Networks and Eras
The real world has many important characteristics. One I heard being quite salient is the fact that time passes. Any picture of the world has to evolve to reflect change, otherwise it is doomed to be representative only of a narrow moment in time. This is quite a problem in computer science, because when we want to analyze something we need to spend a lot of time in gathering data and, usually, the analysis can be done only once we have everything we need. It’s a bit like in physics, when the problems are solved in the vacuum and in the absence of friction. Of course, many people work to develop dynamics models, trying to handle the changes in the data.
Take link prediction, for example. Link prediction is the branch of network science whose aim is to predict which connections are more likely to appear in the near future, given the current status of a network. There are many approaches to this problem: one simply states that the probability that two nodes will connect is proportional to their current degree (because it’s being observed that high degree nodes attracts more edges, it’s called “preferential attachment“), another looks at the history of the new edges which came into existence and tries to redact some evolution rules (see the paper, not much different from my work on signed networks).
What’s the problem in this? The problem lies in the fact that any link came into existence in a specific moment, in which the network shape was different from any other moment. Let’s consider the preferential attachment, with an example. The preferential attachment tells you that the position in the market of Google not only is not in danger: it will become stronger and stronger, because its high visibility attracts everybody who needs the services it is providing. However, Google was not born with the web, but several years after. So in the moment in which Google was born, the preferential attachment would have told you that Google had no chance to beat Yahoo. And now it’s easy to laugh at this idea.
So, what happened? The idea that I investigated with my colleagues at the KDDLab in Italy is extremely simple: just like Earth’s geological times, also complex networks (and complex systems in general) evolve discontinuously, with eras in which some evolution rules apply and some others, valid in other eras, don’t.
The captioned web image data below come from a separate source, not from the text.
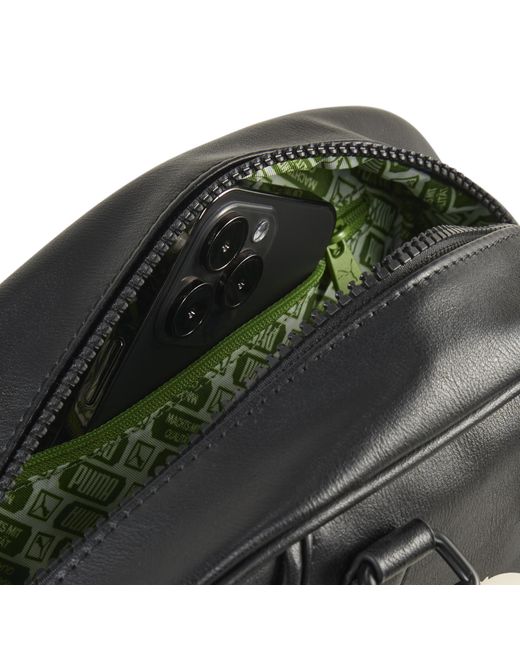 PUMA Black Archive 2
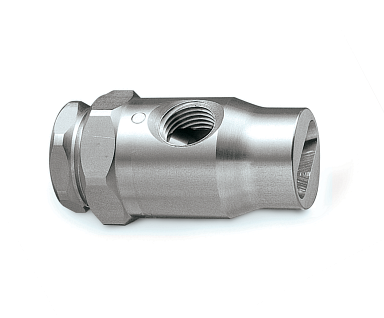 Eductor 46550 AIE Side 1 PH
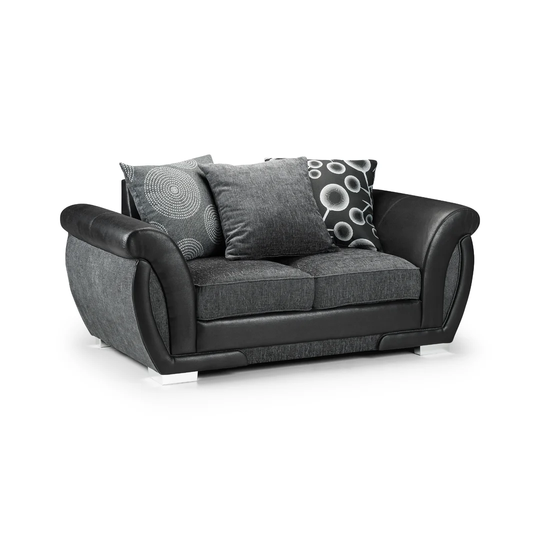 Coombs 2 Seater Sofa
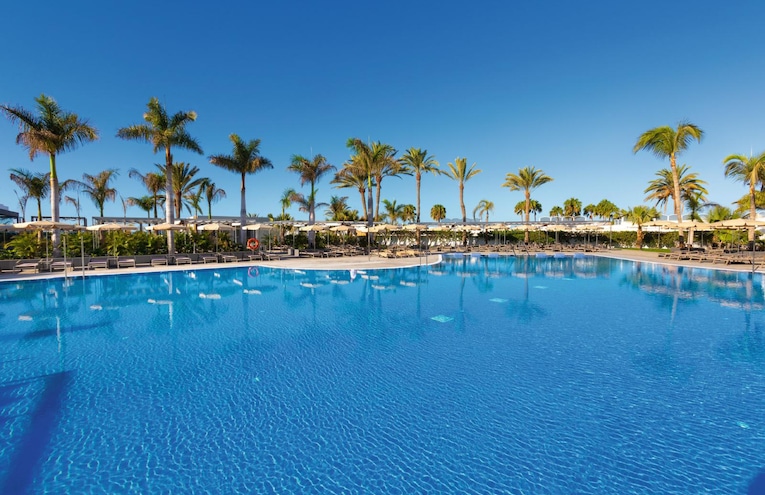 piscinas  - 2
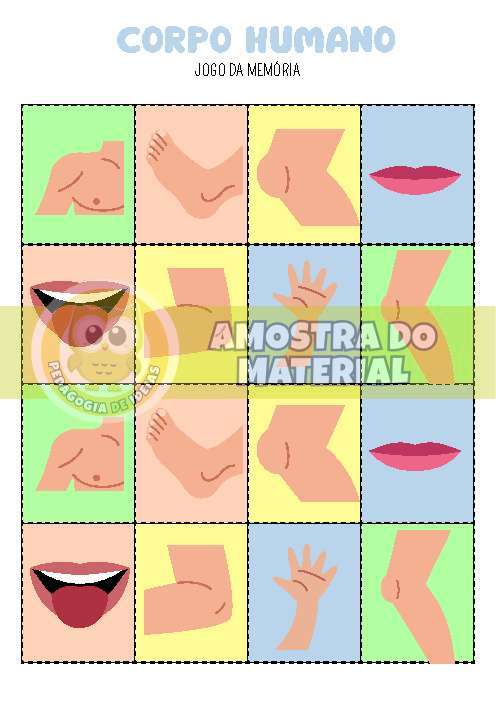 Amostra do PDF - pagina 4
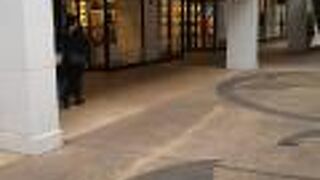 きちんと感を演出できる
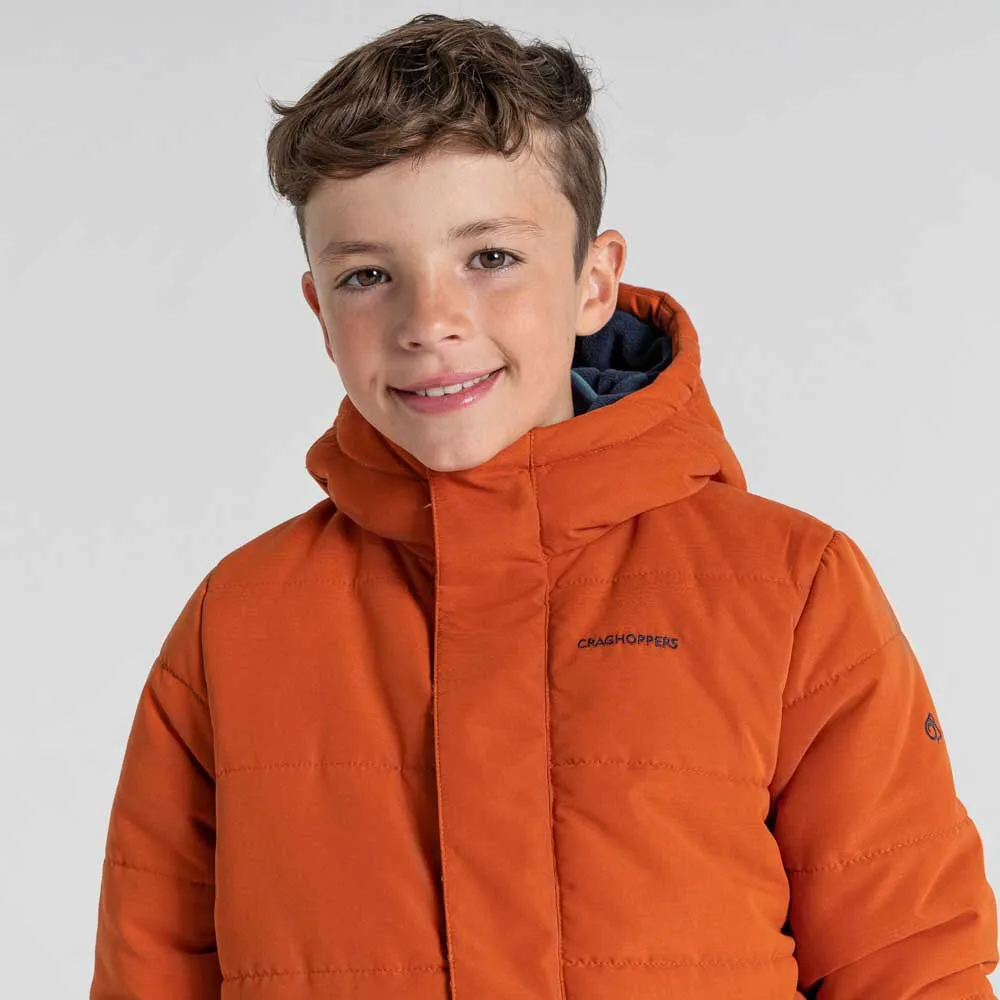 Craghoppers Maro Jacke Craghoppers Maro Jacke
The original paper is quite old (from 2010), but we recently published an update journal version of it (see the Intelligent Data Analysis Journal), that’s why I’m writing about it.
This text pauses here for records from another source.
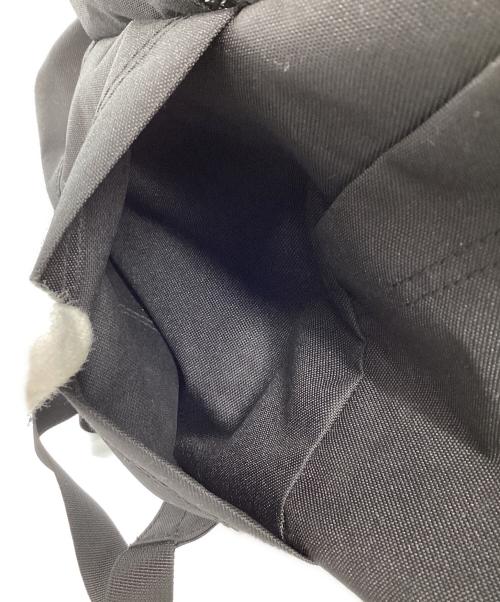 THE NORTH FACE（ザ ノース フェイス）THE NORTH FACE (ザ ノース フェイス) BERKELEY LT バークレーLT ブラックの古着・服飾アイテム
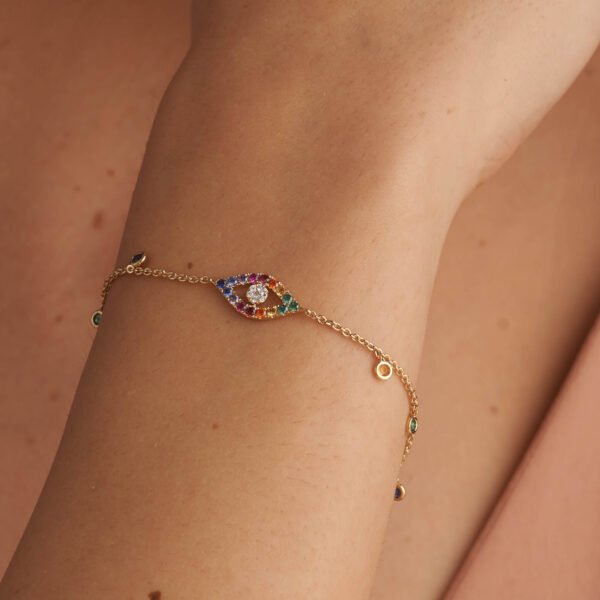 FB475-3.jpg | foroworld | foroworld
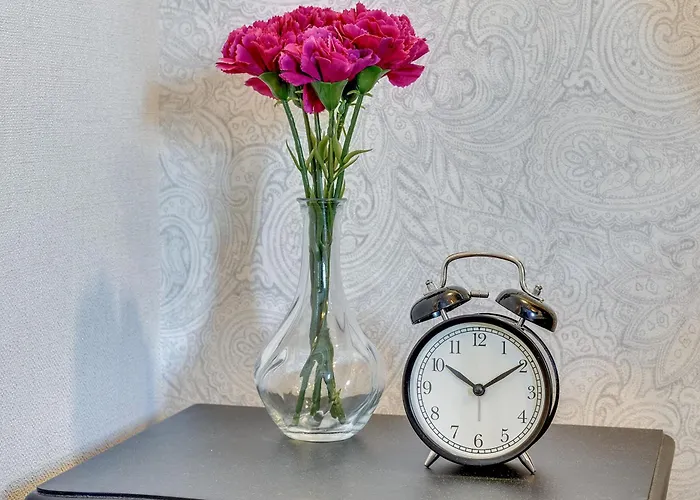 Browar Gdanski Wrzeszcz Superior By Renters Appartamento *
In our paper, we describe how to build a framework to understand what are the eras in the evolution of a network. Basically, everything boils down to have many snapshots of the network in different moments of time and a similarity measure that tells you how similar are two consecutive snapshots. Then, by checking the values of this similarity function, one can understand if the last trends she is seeing are providing reliable information to make predictions or not. In our world, then, we understand that when Google enters in the web anything can happen, because we are in a new era and we do not use outdated information that do not apply anymore to the new scenario. In our world, also, we are aware that nobody is doomed to success, regardless how good its current position is. A nice and humbling perspective, if I may say.
I suggest reading the paper to understand how nicely our era detection system fits with the data. The geekier readers will find a nice history of programming languages (we applied the era discovery system to the network of co-authorship in computer science), normal people will probably find more amusement in our history of movies (from networks of collaboration extracted from the Internet Movie Database).
So, next time you’ll see somebody trying to make predictions using complex network analysis, check if she is considering data history using an equivalent of our framework. If she does, thumbs up. If she doesn’t, trust her just like you would trust a meteorologist trying to forecast tomorrow’s weather by crunching data from yesterday down to the Mesozoic.